Naissance de François Gamain

François Gamain naît à Versailles le 29 août 1751, fils de Nicolas Gamain.

Sa famille est venue s'établir à Versailles à l'époque des grands travaux faits dans cette ville par Louis XIV.



Goût de Louis XVI pour les travaux manuels

Nicolas Gamain est un serrurier fort habile, entrepreneur des bâtiments du roi. Il fait de François Gamain, son fils, un ouvrier adroit et le charge de la serrurerie de l'intérieur du château de Versailles.

Louis XVI a du goût pour les travaux manuels.

Rencontrant souvent François Gamain dans les appartements, il se plait à causer avec lui de ses travaux et à lui demander des explications sur ses ouvrages.

Louis XVI nomme François Gamain serrurier de ses cabinets, ce qui lui donne l'entrée de ses appartements.

Lorsque Nicolas Gamain meurt, François Gamain reçoit la charge de serrurier des bâtiments du Roi.

Louis XVI fait construire un petit atelier dans les combles du château et s'y enferme fréquemment pendant des heures entières et s'essaye, sous sa direction, à fabriquer des serrures et quelques objets d'art à son usage.

Cet atelier existe encore aujourd'hui.

Durey, garçon du château de Versailles, sert de garçon de forge quand le roi travaille avec François Gamain dans son atelier.

L'affection de Louis XVI pour François Gamain choque l'entourage du roi.
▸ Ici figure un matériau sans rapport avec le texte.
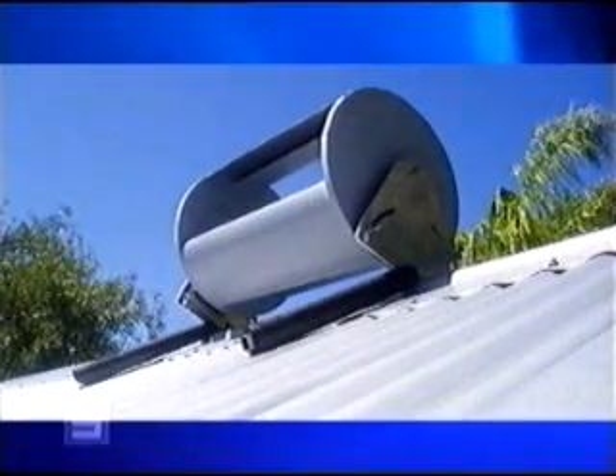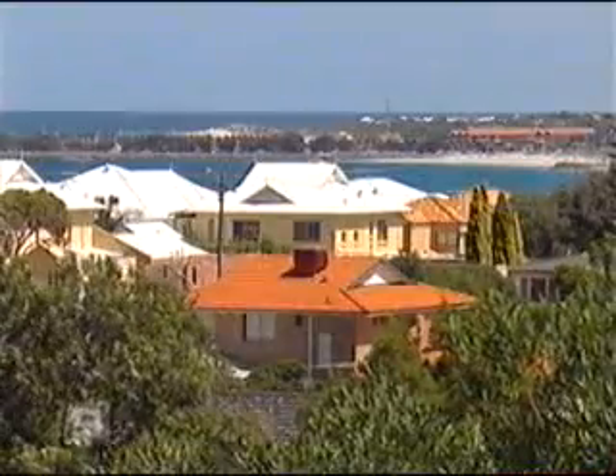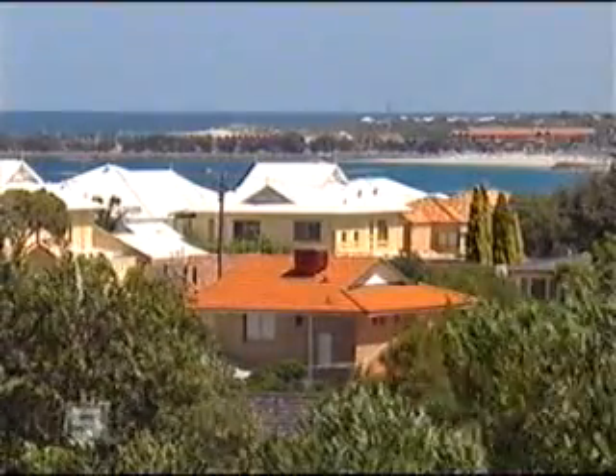Just five of these wind turbines on a suburban roof could produce enough electricity to run a household. We have a lot of wind in Western Australia and currently we're not really using it in urban environments, and there's a good opportunity to make use of it.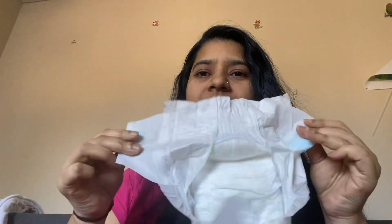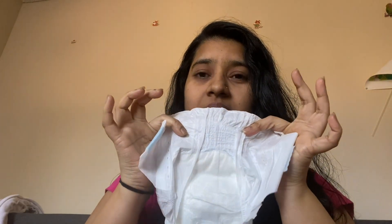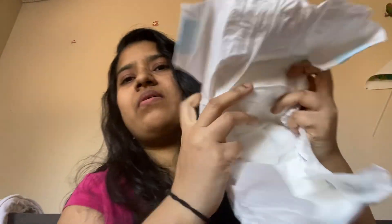So let's open the package. The diaper looks like this — wide enough, and it has a tape. It is so soft. The baby feels very comfortable, I'm telling you. And here is the diaper.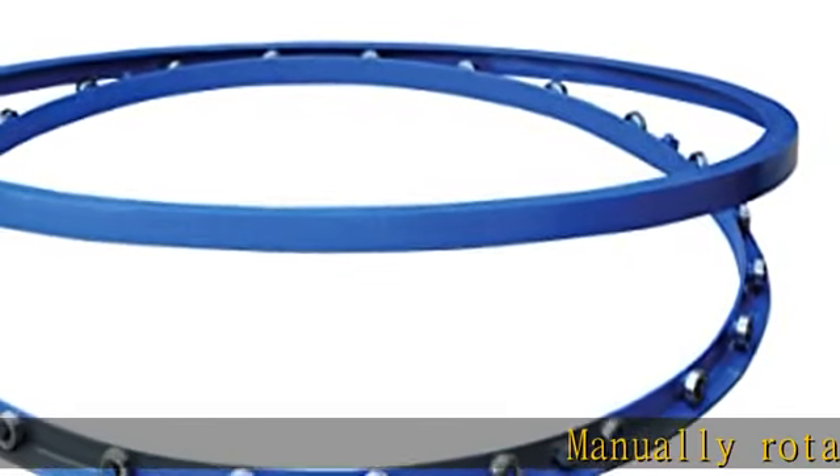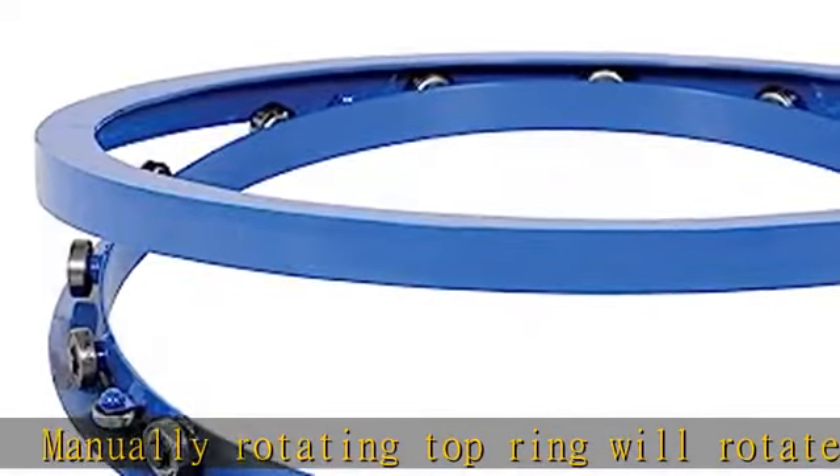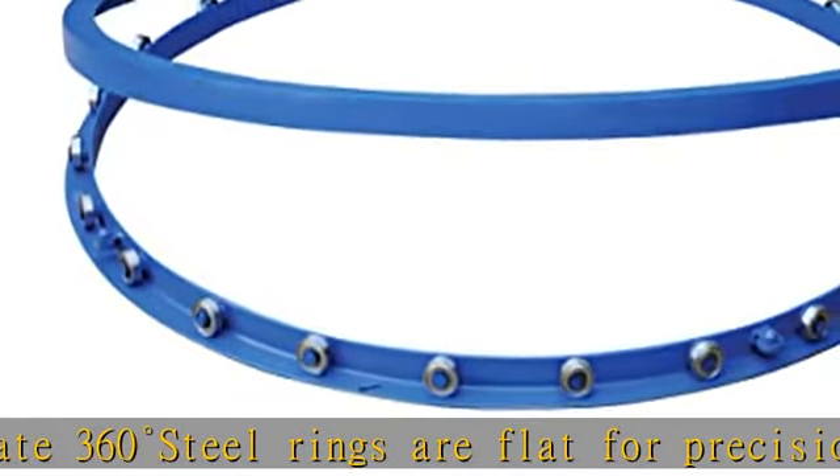Manually rotating top ring will rotate 360 degrees. Steel rings are flat for precision. Internally sealed roller bearings and guide rollers provide long lasting use. Four guide rollers keep the rings aligned. Check the description to get this product today at the best price.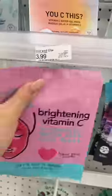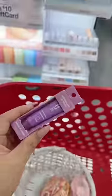This face mask is going back. This bath bomb is going back. These are going back, but this is coming home with me. Adds to cart.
Ainsi, Thierry de Ville-d'Avray, intendant du Roi, lui aurait dit : Sire, quand les rois s'occupent des ouvrages du peuple, le peuple s'empare des fonctions des rois.



Fabrication de l'armoire de fer de Louis XVI

Décidé au voyage de Varennes et ne sachant à qui confier des papiers qu'il ne peut emporter, Louis XVI fait fabriquer une armoire de fer en mai 1791. Il confie cette tâche à François Gamain.

François Gamain assurera plus tard que ces travaux ont eu lieu en mai 1792 mais c'est peut probable car Louis XVI est alors surveillé dans ses moindres mouvements.

L'armoire est pratiquée dans l'épaisseur d'un mur, près de la chambre à coucher du roi.

Elle est fermée par une porte en tôle de fer recouverte d'une couche de peinture imitant la pierre.

L'ouverture de la serrure se trouve dissimulée dans les rayures de la pierre et il est impossible de découvrir cette cachette.

Y sont placés des documents qui attestent de tractations secrètes avec des cours européennes et des correspondances de Louis XVI avec Honoré-Gabriel Riqueti, Charles François du Perrier du Mouriez et La Fayette.



François Gamain Membre du conseil général de la commune de Versailles

François Gamain est influencé par son entourage. Il adopte avec enthousiasme les principes de la Révolution.

Le 7 janvier 1792, il est nommé Membre du conseil général de la commune de Versailles.

Marie-Antoinette d'Autriche ayant appris que François Gamain est devenu jacobin et haït la royauté sinon le roi, met Louis XVI en garde contre lui. Sur ses instances, le roi consent à retirer de l'armoire de fer les pièces les plus compromettantes, surtout celles qui ont trait aux subsides accordés à Honoré-Gabriel Riqueti.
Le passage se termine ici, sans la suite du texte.